Adding to the confusion is the industry’s indecision on the current state of the hotel development pipeline. Depending on the scale of your yardstick your view changes; at the macro/industry metric level, the market is already overbuilt and about to oversupply with the rooms currently in the pipeline; at the local market level, plenty of markets appear capable of benefiting from even more development. STR’s April 2016 report on the year-over-year comparison of the US hotel pipeline hints that a risk of oversupply may be the case; with over 161,000 rooms in development earlier this year – a number that represents a whopping 28.3% increase over 2015’s already record-breaking numbers – the risk of oversupply can’t be ignored.

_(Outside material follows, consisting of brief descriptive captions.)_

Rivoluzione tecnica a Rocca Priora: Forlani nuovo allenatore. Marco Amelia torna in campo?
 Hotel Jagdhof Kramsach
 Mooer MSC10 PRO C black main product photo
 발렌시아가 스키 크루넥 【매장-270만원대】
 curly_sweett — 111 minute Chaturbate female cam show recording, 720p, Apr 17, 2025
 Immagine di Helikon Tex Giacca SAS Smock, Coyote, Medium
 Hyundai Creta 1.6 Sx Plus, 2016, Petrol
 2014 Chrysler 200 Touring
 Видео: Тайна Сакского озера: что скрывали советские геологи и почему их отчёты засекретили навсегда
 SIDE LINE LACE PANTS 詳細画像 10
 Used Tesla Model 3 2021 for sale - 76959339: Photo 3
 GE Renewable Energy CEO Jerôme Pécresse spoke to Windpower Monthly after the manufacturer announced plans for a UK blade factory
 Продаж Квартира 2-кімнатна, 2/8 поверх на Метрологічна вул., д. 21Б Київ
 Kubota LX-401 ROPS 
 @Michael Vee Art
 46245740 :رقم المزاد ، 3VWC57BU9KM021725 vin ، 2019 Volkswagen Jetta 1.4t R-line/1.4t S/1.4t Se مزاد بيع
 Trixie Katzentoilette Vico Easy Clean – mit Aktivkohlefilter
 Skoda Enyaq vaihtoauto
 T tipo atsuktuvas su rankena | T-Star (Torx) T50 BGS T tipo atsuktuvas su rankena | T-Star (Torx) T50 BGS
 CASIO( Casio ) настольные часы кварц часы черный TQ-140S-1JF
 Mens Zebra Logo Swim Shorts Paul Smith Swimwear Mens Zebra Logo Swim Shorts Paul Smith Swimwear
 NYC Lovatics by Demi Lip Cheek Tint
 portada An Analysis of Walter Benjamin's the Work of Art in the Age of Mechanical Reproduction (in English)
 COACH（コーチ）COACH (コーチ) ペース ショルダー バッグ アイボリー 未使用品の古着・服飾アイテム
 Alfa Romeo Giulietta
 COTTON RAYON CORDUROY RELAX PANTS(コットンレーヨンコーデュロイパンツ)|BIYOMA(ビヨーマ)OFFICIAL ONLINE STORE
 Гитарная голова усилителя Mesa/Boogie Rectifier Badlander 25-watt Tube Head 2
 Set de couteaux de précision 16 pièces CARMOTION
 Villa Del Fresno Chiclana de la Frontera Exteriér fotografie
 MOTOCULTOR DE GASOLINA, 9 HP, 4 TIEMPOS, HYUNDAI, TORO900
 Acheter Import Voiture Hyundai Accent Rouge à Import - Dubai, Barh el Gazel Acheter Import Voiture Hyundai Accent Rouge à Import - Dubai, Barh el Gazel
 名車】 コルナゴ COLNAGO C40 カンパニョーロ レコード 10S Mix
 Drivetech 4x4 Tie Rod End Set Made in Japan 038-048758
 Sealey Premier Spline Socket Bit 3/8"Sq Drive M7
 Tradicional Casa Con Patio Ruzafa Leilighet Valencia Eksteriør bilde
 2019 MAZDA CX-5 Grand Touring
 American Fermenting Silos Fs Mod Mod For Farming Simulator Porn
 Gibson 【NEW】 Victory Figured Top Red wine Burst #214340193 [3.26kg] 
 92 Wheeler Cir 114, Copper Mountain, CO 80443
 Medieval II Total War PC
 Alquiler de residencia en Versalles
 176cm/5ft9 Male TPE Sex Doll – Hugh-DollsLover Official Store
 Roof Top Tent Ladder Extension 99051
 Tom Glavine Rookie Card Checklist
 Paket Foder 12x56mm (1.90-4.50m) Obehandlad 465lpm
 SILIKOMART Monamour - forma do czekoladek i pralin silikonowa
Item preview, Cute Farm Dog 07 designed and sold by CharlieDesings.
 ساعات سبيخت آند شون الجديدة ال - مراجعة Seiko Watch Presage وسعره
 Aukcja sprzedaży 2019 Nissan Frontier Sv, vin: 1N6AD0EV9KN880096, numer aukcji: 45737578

External influences may sway the balance
As Oxford Economics’ Aran Ryan’s input on The View From The C-Suite panel suggests, much of the uncertainty on the current cycle may lie in influences out of the industry’s control. With the fallout from Brexit still yet to be seen, the November election likely to influence credit markets for at least a number of quarters, the continuing threat of China’s credit exposure in the industry increasingly vulnerable to global influences, and the threat of interest rate increases hinging on a number of unpredictable factors, perhaps the fate of the current cycle is yet to be determined. Curiously, in the weeks following The Lodging Conference, Hilton adjusted their RevPAR expectations for Q3 2016 by roughly 50% from ~4% to a concerningly low ~1.5%, that despite STR’s prediction of a 5% RevPAR across the industry for the coming quarters. Perhaps this is exactly what The Lodging Conference meant with their suggestion, or warning, that we “enjoy the ride.”